Solar Cooking
Last edited: 25 October 2025      

Afstor Solar Home Systems are integrated small-scale electrification products produced by Afstor Oy that combine photovoltaic generation, battery storage, and an induction-capable solar cooker to provide daytime electric cooking, lighting and device charging for off-grid and weak-grid households.

Afstor Solar Home Systems (often shortened to Afstor SHS) package a solar photovoltaic (PV) array, an energy storage battery, power electronics and an induction-compatible cooking appliance into a single household solution. The systems are positioned as alternatives to traditional biomass cooking in rural and peri-urban communities, while also delivering basic household electricity services such as lighting and mobile-phone charging.

Design and technical components[]

  • Photovoltaic array – PV modules sized to supply daytime cooking loads and to charge the battery for evening uses.
  • Battery storage – a DC battery bank that stores solar energy for evening lighting and low-power loads and buffers daytime cooker demand.
  • Power electronics – charge controller, battery management system and inverter or DC–DC converters to supply the induction cooker and household loads.
  • Induction-capable cooker – an electric induction cooktop or hotplate designed or selected to match the system’s voltage and power constraints.
  • User interface and monitoring – basic controls for power and cooking settings; some deployments include remote monitoring or CO2-tracking features.

Deployment and projects[]

Afstor systems have been trialed and documented in research and pilot projects that examine electric cooking adoption in underserved contexts. Notable project activity includes participation in multidisciplinary research partnerships studying how distributed electric cooking affects household energy use, livelihoods and local ecosystems. Project work typically combines technology deployment with user training, monitoring of fuelwood displacement and evaluation of social impacts.

Reported benefits[]

  • Reduced biomass use – substitution of wood or charcoal for some meals decreases pressure on local fuelwood supplies.
  • Improved indoor air quality – elimination or reduction of open-fire combustion lowers household exposure to smoke.
  • Time savings – less time spent collecting fuel can free time for education, income-generating activities or other tasks.
  • Access to lighting and connectivity – integrated storage provides evening lighting and device charging that support communication and study.
  • Climate co-benefits – reduced direct emissions from cooking and the potential to link deployments with reforestation or carbon-accounting initiatives.

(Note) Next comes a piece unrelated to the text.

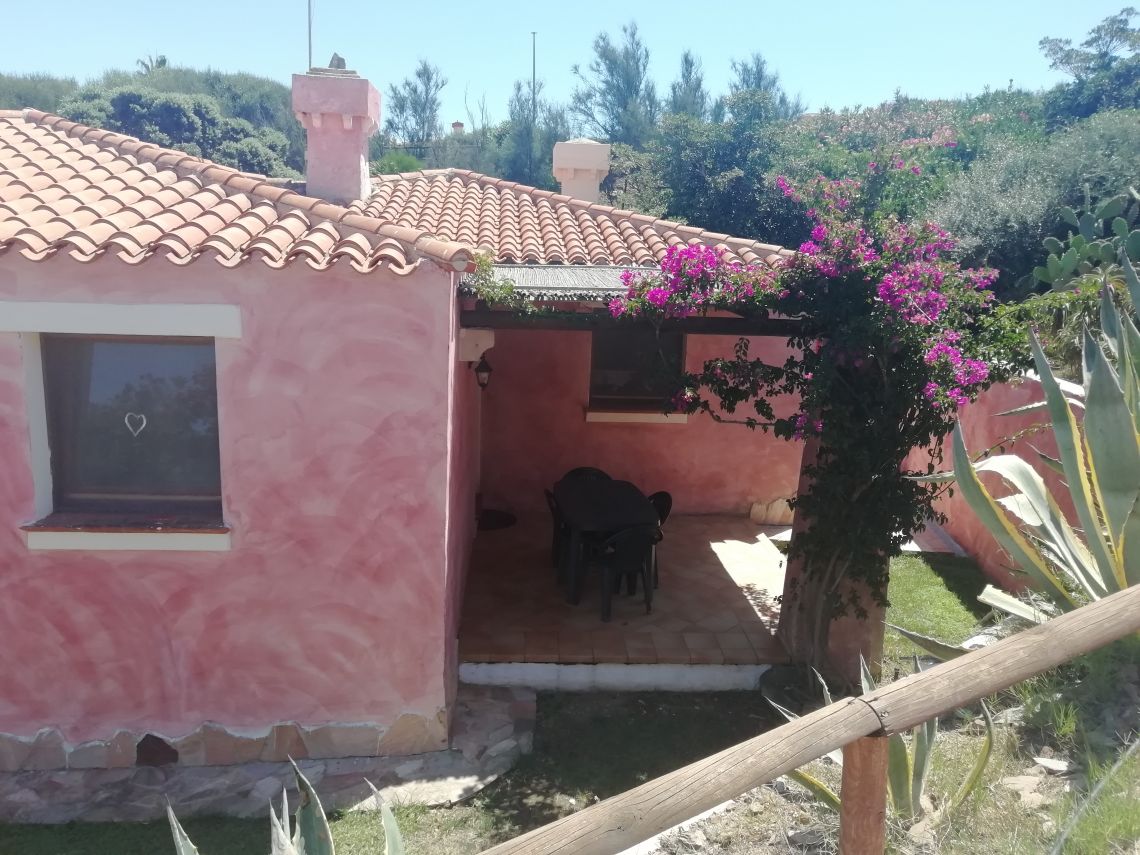Villa La Perla di Stintino | Alghero & Stintino - Case e ville - Nord Sardegna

Challenges and considerations[]

  • Behavioral and cultural fit – induction cooking requires compatible cookware and adjustments to cooking practices; acceptance depends on local tastes and habits.
  • System sizing and solar variability – cooking power demands are high relative to lighting loads; solar resource seasonality and battery capacity affect reliability.
  • Cost and financing – higher upfront cost compared with traditional stoves can limit affordability without tailored financing or pay-as-you-go models.
  • Maintenance, repair and supply chains – ensuring after-sales service, spare parts and local technical capacity is critical for sustained use.
  • Monitoring and verification – robust impact verification is needed to substantiate claims about fuel displacement, health improvements and carbon reductions.